Given data >>
------------------------------------------------

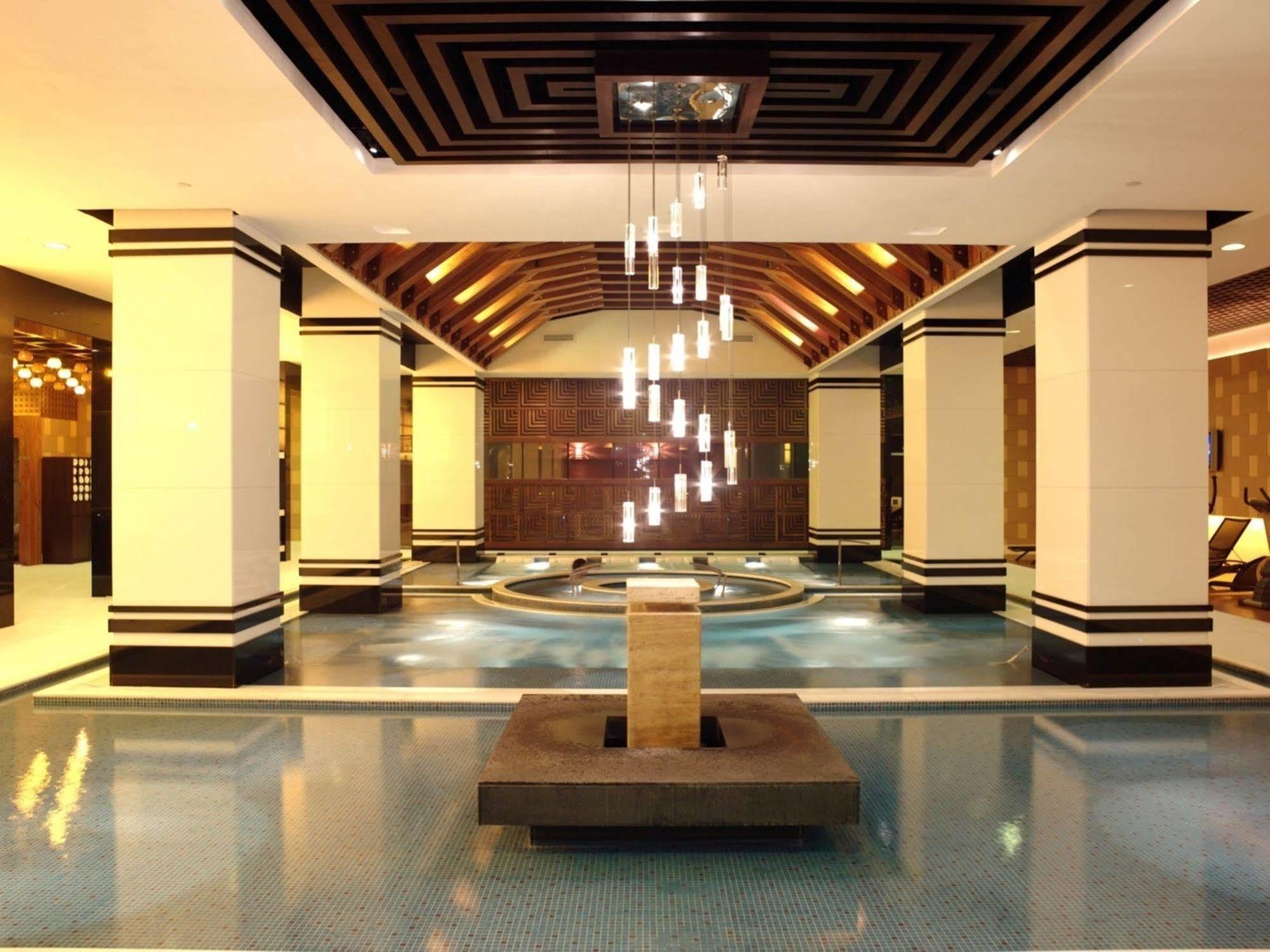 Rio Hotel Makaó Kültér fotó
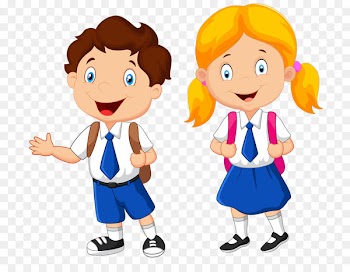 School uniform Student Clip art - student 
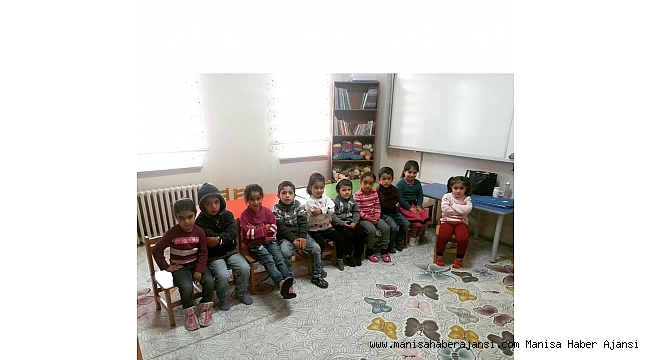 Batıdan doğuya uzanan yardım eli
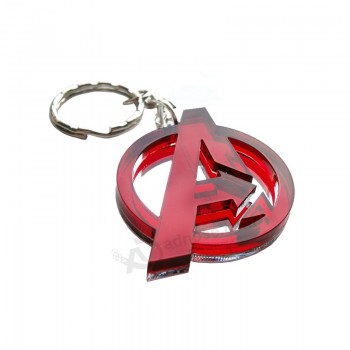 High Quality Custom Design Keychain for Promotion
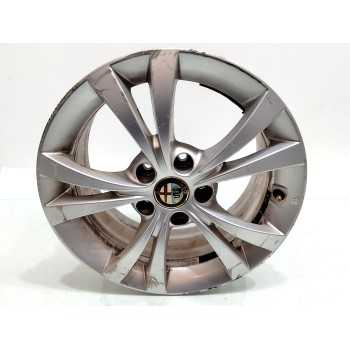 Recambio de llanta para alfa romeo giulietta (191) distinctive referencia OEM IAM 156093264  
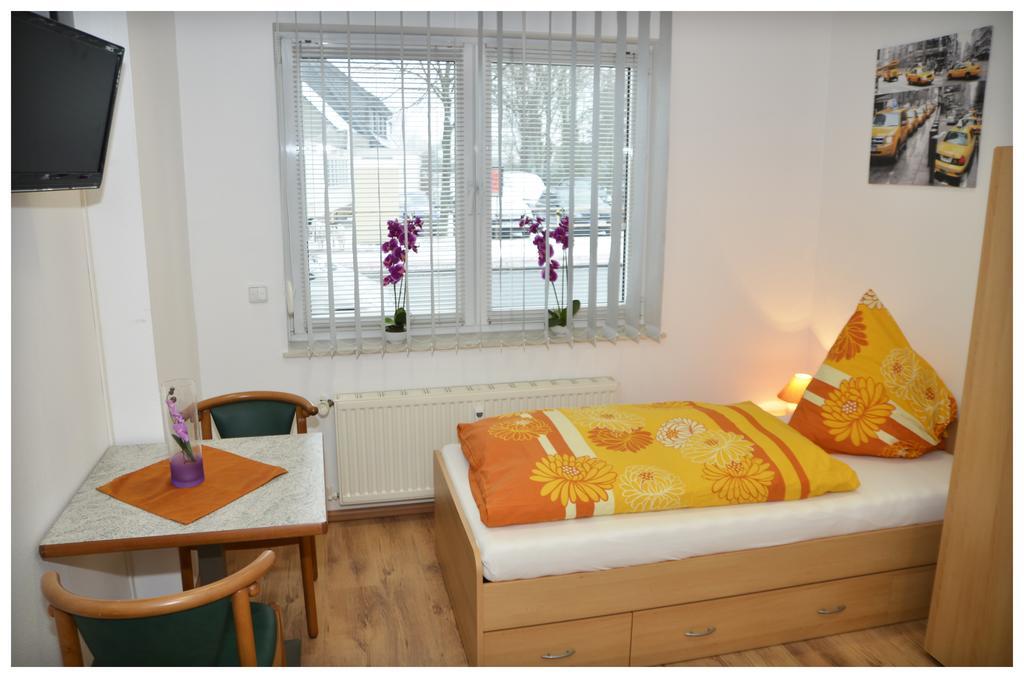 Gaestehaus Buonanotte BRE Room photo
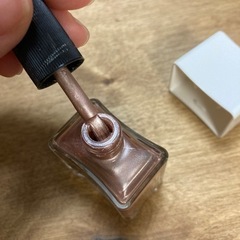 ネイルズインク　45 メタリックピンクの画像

------------------------------------------------

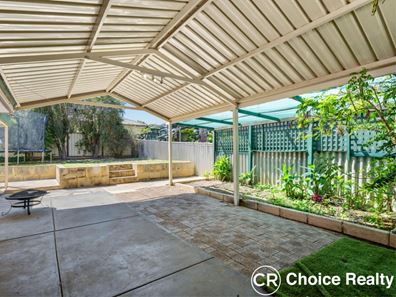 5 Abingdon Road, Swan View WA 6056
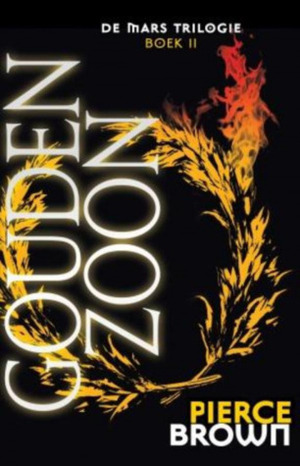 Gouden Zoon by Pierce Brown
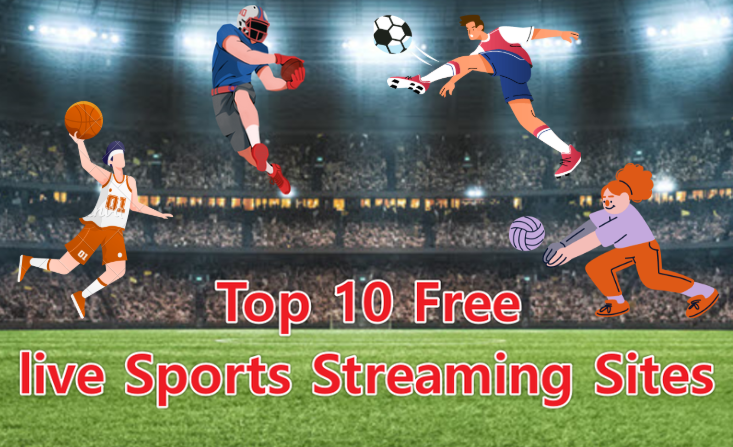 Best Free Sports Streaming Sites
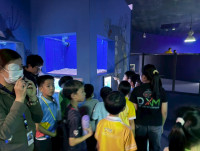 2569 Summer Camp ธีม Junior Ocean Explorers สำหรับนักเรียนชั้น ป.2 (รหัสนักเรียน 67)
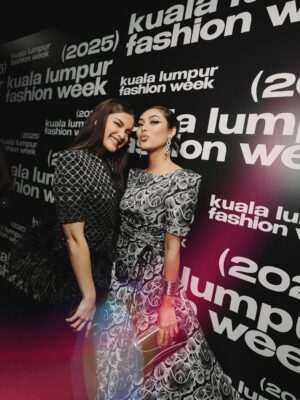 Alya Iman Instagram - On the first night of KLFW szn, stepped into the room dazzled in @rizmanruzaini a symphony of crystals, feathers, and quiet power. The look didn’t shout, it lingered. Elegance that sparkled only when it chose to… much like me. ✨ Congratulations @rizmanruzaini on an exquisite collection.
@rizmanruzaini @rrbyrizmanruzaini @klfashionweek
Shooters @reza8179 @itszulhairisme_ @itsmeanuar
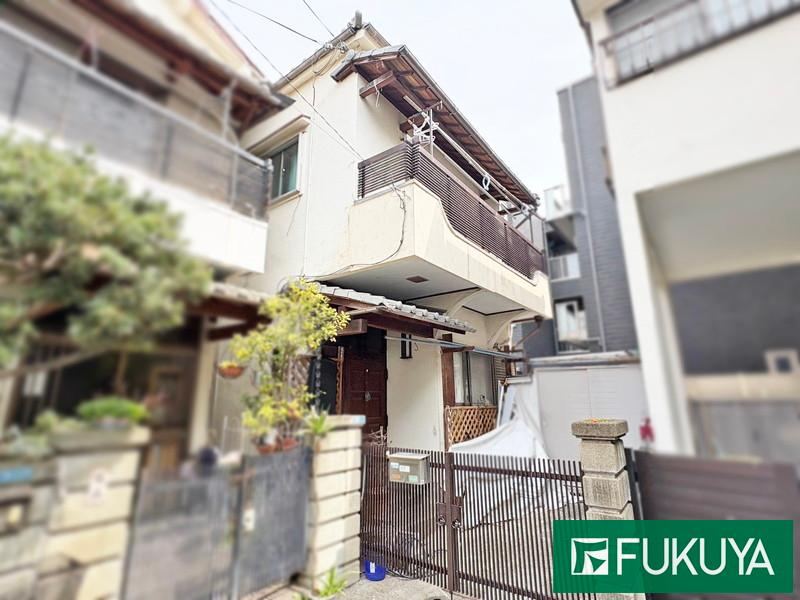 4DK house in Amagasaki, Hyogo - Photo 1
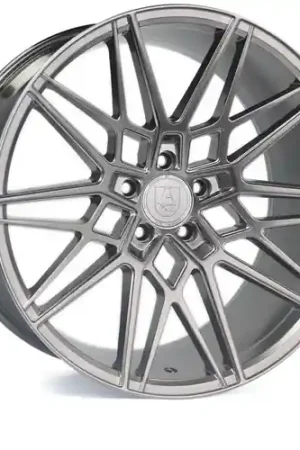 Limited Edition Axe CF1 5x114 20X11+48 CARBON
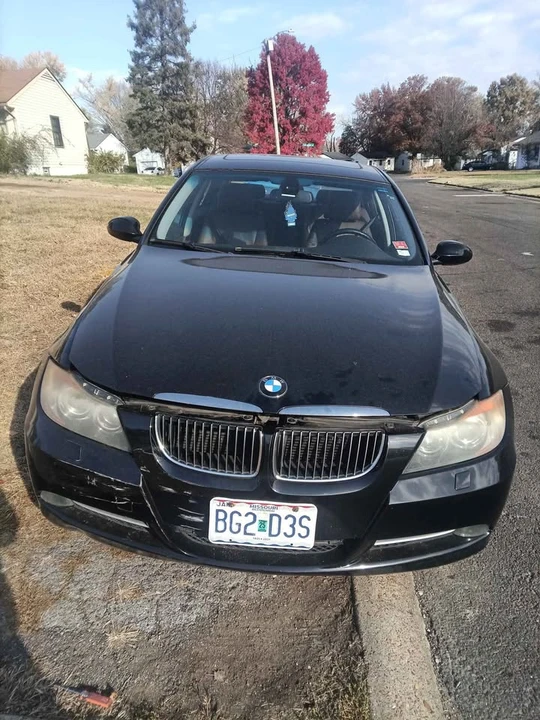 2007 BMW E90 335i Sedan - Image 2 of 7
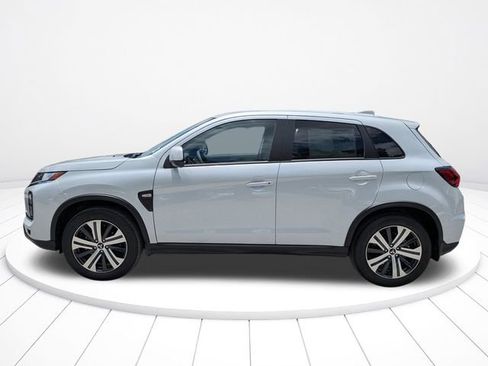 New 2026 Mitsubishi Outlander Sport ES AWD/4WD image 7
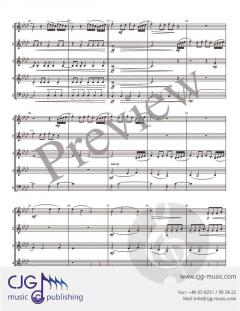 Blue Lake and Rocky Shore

------------------------------------------------

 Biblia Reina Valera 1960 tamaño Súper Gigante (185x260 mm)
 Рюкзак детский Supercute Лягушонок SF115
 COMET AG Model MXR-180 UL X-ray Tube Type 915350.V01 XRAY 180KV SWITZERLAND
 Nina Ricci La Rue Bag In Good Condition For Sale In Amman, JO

------------------------------------------------

Work to be completed >> Write out exactly the lines above from the line with "COMET AG Model" through the line with "Nina Ricci La", both of them included, and leave out all other lines.

Answer below >>
 COMET AG Model MXR-180 UL X-ray Tube Type 915350.V01 XRAY 180KV SWITZERLAND
 Nina Ricci La Rue Bag In Good Condition For Sale In Amman, JO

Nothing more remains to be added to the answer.